• **Exercise goal**: Please copy the listing that follows exactly, leaving out any pictures.

• **Input data**:
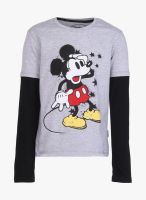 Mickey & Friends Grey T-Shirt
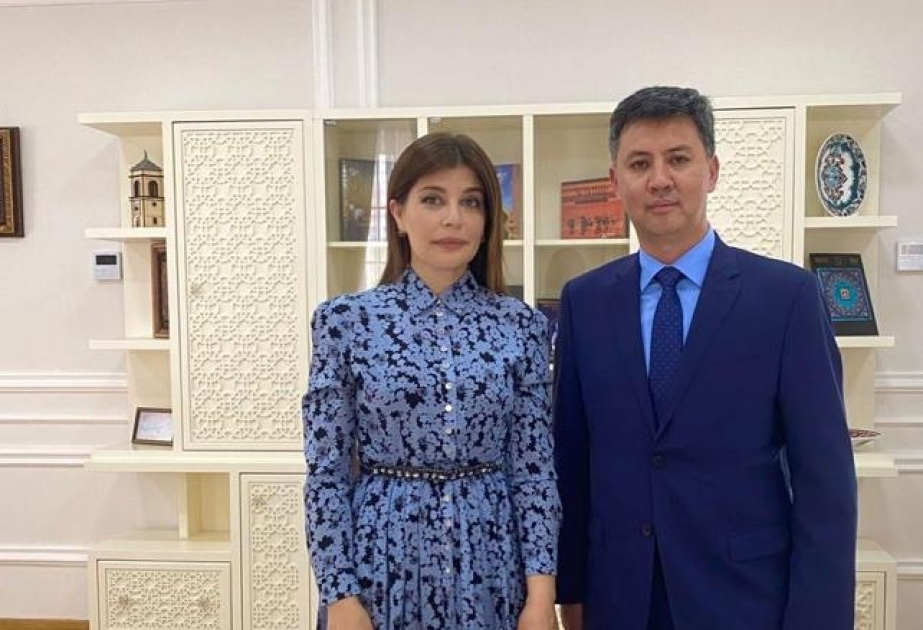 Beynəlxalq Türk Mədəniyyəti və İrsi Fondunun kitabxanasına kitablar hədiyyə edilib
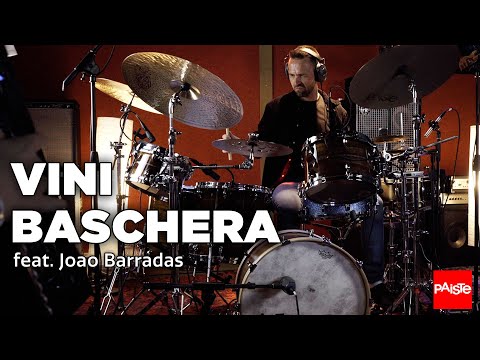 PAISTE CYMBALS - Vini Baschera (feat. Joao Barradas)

• **Solution to this problem**:
 Mickey & Friends Grey T-Shirt
 Beynəlxalq Türk Mədəniyyəti və İrsi Fondunun kitabxanasına kitablar hədiyyə edilib
 PAISTE CYMBALS - Vini Baschera (feat. Joao Barradas)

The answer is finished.